Work instructions: If an entry below contains an image, drop the image and retype the rest exactly.

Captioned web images
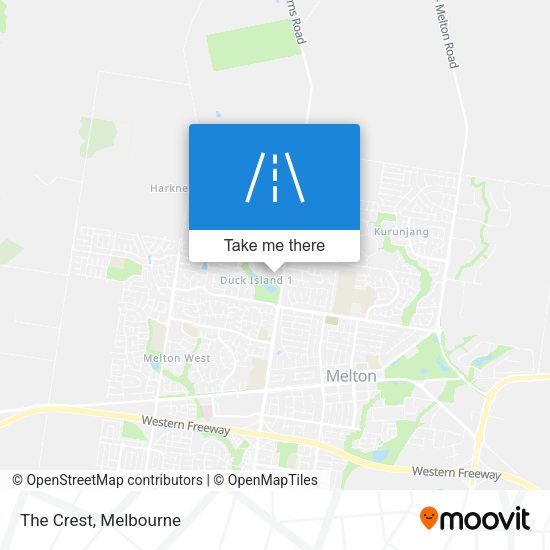 The Crest map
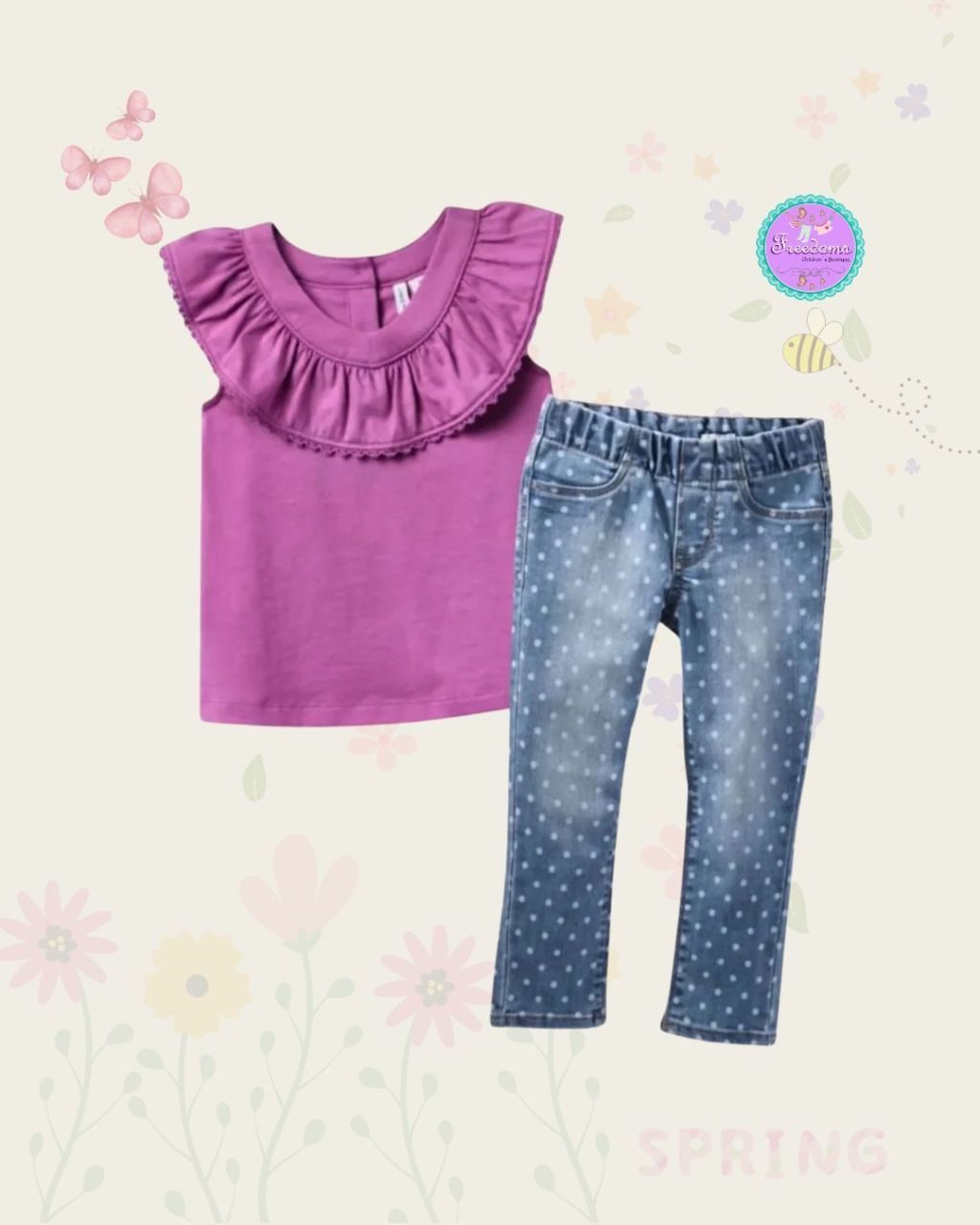 JEANS DE NIÑA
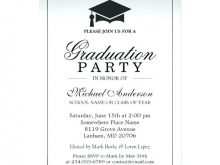 71 Report Graduation Party Agenda Template for Ms Word by Graduation Party Agenda Template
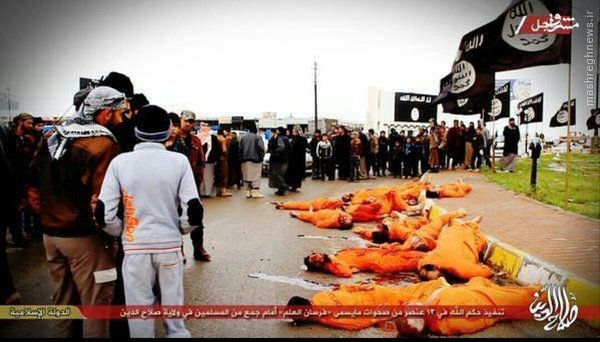 داعش با اهل سنت عراق چه کرد؟+عکس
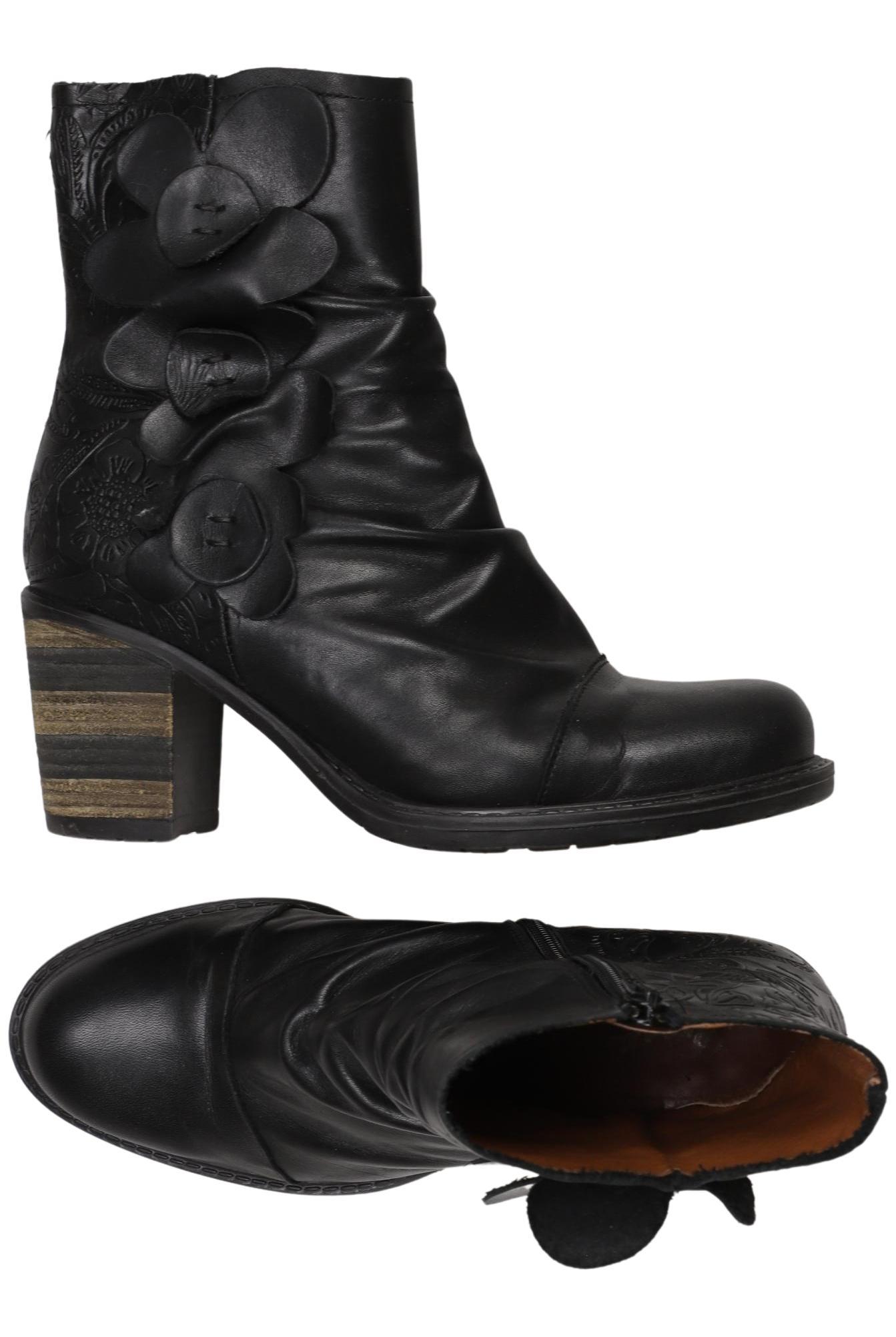 

Deerberg Damen Stiefelette, schwarz, Gr. 37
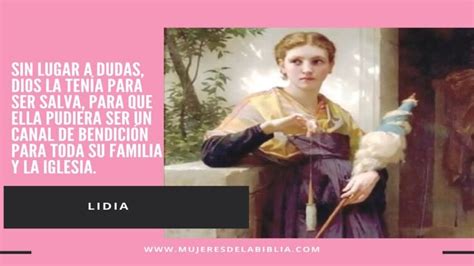 Quién fue Lidia en la Biblia Reina Valera Descubre su Impactante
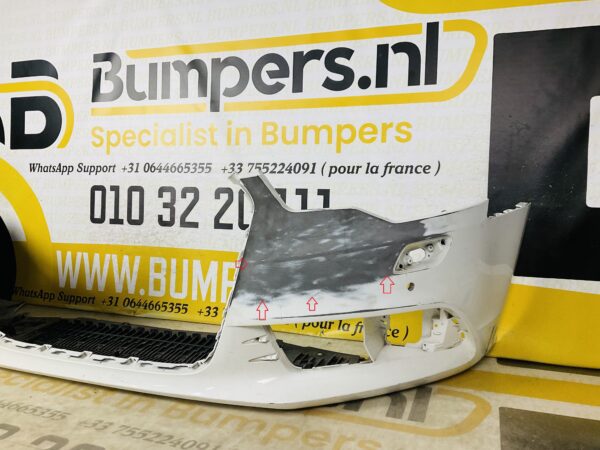 BUMPER Audi A6 Sline S-Line VOORBUMPER 1-H6-6810z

Solution to the problem:
 The Crest map
 JEANS DE NIÑA
 71 Report Graduation Party Agenda Template for Ms Word by Graduation Party Agenda Template
 داعش با اهل سنت عراق چه کرد؟+عکس

Deerberg Damen Stiefelette, schwarz, Gr. 37
 Quién fue Lidia en la Biblia Reina Valera Descubre su Impactante
 BUMPER Audi A6 Sline S-Line VOORBUMPER 1-H6-6810z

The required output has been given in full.